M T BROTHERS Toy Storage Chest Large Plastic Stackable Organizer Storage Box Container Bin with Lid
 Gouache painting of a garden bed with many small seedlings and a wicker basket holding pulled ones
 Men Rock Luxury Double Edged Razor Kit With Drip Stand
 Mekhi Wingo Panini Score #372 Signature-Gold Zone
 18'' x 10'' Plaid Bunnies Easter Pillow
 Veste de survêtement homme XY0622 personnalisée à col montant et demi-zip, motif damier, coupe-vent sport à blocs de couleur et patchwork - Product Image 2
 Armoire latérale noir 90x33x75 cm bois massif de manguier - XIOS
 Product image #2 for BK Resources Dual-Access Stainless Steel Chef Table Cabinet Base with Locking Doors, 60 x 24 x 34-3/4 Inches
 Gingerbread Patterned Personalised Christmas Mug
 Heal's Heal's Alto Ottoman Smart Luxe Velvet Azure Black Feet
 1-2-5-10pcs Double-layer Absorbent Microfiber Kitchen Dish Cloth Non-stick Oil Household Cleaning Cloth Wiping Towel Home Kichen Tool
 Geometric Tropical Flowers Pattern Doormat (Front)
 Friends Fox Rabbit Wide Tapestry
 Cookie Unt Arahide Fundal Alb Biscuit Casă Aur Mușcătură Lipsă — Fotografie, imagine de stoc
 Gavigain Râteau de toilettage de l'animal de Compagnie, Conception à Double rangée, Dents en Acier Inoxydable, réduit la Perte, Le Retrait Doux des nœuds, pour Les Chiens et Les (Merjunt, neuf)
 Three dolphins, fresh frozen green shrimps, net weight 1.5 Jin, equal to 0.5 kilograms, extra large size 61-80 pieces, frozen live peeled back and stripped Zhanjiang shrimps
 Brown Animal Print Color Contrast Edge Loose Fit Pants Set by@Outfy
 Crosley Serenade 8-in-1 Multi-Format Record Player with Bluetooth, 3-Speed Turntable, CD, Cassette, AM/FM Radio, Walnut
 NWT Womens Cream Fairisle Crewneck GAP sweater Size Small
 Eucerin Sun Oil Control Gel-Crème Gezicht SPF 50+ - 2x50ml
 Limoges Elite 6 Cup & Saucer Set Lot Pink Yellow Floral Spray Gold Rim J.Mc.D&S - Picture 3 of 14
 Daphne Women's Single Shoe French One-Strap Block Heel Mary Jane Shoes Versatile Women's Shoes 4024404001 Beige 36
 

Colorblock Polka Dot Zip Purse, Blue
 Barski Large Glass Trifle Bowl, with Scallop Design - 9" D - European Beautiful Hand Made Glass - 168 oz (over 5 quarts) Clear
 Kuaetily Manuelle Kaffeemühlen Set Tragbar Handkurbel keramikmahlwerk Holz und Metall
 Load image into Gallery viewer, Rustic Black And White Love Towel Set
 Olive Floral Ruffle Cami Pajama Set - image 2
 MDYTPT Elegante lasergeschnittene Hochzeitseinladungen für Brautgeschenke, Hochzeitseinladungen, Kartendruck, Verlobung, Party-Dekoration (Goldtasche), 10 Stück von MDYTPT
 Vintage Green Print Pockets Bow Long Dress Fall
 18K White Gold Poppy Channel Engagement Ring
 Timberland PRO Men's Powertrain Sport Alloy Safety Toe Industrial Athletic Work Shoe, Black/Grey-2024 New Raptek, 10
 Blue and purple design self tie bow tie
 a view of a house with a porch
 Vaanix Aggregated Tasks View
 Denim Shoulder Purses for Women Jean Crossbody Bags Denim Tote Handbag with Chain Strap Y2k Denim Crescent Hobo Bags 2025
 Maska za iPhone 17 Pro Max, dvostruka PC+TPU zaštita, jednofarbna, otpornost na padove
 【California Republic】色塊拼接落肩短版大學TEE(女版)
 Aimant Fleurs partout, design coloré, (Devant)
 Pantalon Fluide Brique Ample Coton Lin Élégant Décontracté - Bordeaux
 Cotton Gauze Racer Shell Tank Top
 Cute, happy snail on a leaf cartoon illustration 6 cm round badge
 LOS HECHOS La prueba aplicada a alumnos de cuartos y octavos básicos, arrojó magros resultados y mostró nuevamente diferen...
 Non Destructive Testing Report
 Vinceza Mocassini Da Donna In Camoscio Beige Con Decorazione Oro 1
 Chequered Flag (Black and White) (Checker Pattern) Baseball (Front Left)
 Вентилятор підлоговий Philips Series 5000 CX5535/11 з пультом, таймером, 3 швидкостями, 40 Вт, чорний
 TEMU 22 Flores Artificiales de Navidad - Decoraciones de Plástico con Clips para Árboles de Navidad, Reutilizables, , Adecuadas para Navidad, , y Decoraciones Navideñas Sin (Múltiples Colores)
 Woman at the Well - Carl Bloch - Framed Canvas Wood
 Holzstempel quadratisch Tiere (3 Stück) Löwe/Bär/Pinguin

* Work required: Please give again the lines above between the line holding "Maska za iPhone" and the line holding "Non Destructive Testing Report", inclusive, exactly as they are and with nothing added.

* Written solution:
 Maska za iPhone 17 Pro Max, dvostruka PC+TPU zaštita, jednofarbna, otpornost na padove
 【California Republic】色塊拼接落肩短版大學TEE(女版)
 Aimant Fleurs partout, design coloré, (Devant)
 Pantalon Fluide Brique Ample Coton Lin Élégant Décontracté - Bordeaux
 Cotton Gauze Racer Shell Tank Top
 Cute, happy snail on a leaf cartoon illustration 6 cm round badge
 LOS HECHOS La prueba aplicada a alumnos de cuartos y octavos básicos, arrojó magros resultados y mostró nuevamente diferen...
 Non Destructive Testing Report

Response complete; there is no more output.